Yesterday, the snow came down all day, and today my street looked like this:
I live on a street with both apartment houses and university buildings, and you can see the mix in this picture. The snow was at least two feet deep everywhere I walked, except of course where the streets and sidewalks had been plowed. (That’s one nice thing about living in the city: all the plowing is done for you.) As I walked around the neighborhood, I stopped to take a picture of myself reflected in the post office window:
That’s me dressed for winter in a Land’s End jacket and Timberland boots. When you live in Boston, you have to be ready for winter weather. I walked around a bit, watching the students enjoying the snow. We have so many students here from other parts of the country, and from all over the world; some of them have never seen snow until they arrive in Boston. Today, I saw students building forts, having snowball fights, and taking pictures of themselves having the New England university experience. By Monday, the city will be moving again, and they will all be in classes.
I walked back to my building, which looked very much as it probably had on a winter day a hundred years ago:
It was nice to have a quiet weekend, because usually I’m so busy. This is a transitional period for me: I’m still doing all the things I was doing, and I’ve started doing all the things I’m going to be doing, and those are going on at the same time, which is exhausting.
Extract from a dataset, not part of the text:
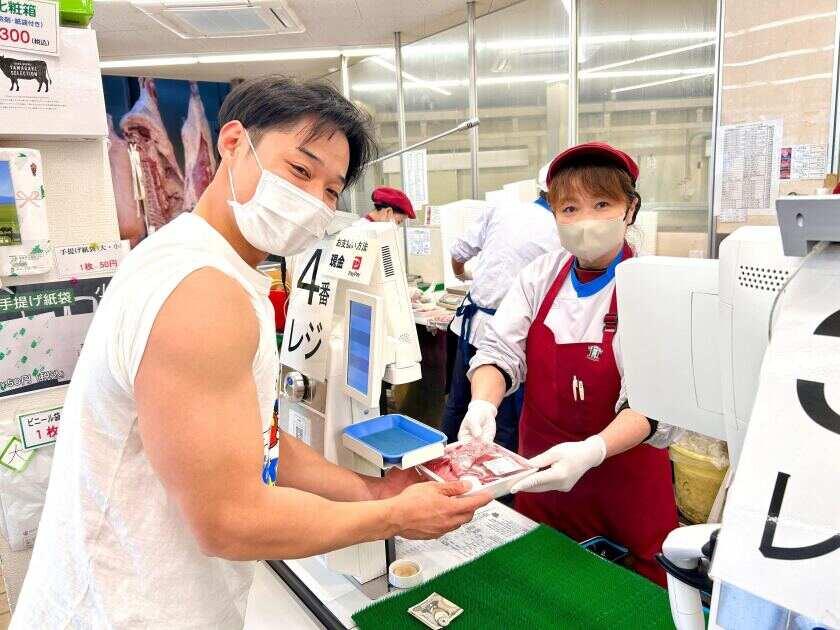 山垣畜産本店の制服1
That will be my life for the next few weeks, although after that it will get easier. Transitional times are hard . . . But they’re necessary, because otherwise you can’t actually get anywhere. You have to go through the transitions.
There’s something I do to help me through them, a sort of mental game I play. I pretend to be the person who has already gone through the transition. I’ll give you an example. In the next month or so, I need to lose five pounds. (Don’t even start: I know that I’m perfectly healthy at my current weight. But I dance, and when I go to events I get photographed, and I know the weight I prefer to be, which is five pounds less than my current weight. Any less than that, and I start to look underweight.) So I think, what sort of person would weight five pounds less than I do now? Let’s call her Theo. Well, Theo would not be in the bad habit of staying up late at night, which would leave her tired and hungry and in need of a midnight snack. She would take care of her health, which means getting enough sleep and exercise. So the mental game is pretending to be Theo. I think, what would Theo do? And even more importantly, how would Theo think? And then I try to do and think that.
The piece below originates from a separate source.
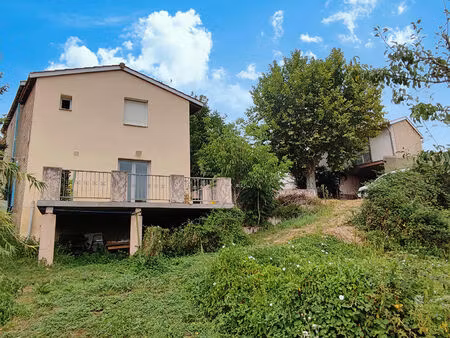 ensemble immobilier avec 2 maisons (3 logements)  garages et terrains constructibles.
It just occurred to me, as I was writing this, that I actually have a picture of Theo. Here she is, just after her ballet class:
Doesn’t she look responsible, as though she’s sleeping and eating right? I wish I could be her all the time . . . But for now at least I can pretend, and that actually helps me through the transition, whether it’s a transition to being healthier, or having the career and life I want. Transitions are hard, and in some sense we’re in transition all the time, because life never stays still. But the major transitions, those times in our lives when we’re changing rapidly, and it feels as though the earth is shifting beneath our feet — those are when it can help to visualize who you will be after the transition is over, and pretend to already be her.
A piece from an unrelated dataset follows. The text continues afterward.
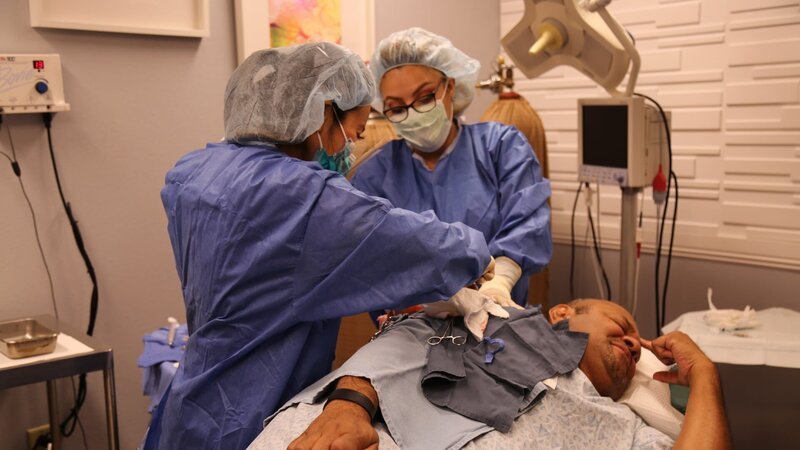 Dr. Lee performing surgery on Inoke. – Bild: Discovery Communications, LLC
I play that same trick on myself when I have to travel. On account of certain childhood experiences I often have anxieties about going away on a trip that make the task of packing almost impossible. So I pretend that I’m already in the hotel room at my destination, merely packing to come back home. That immediately dissolves the frozen molasses that my brain is trying to swim through.
Your projection of yourself as ‘Theo’ sounds like a helpful tool to become her as your pounds melt away and you arrive at the place where she begins. I am transitioning from a place of undiagnosed health issues to knowing what my condition is and that I will not be cured. It makes me want to be bolder, more active, more decisive now that I know the score. The other me is coping much better with the news than I am at the moment, but I’ll get there. Thanks for posting.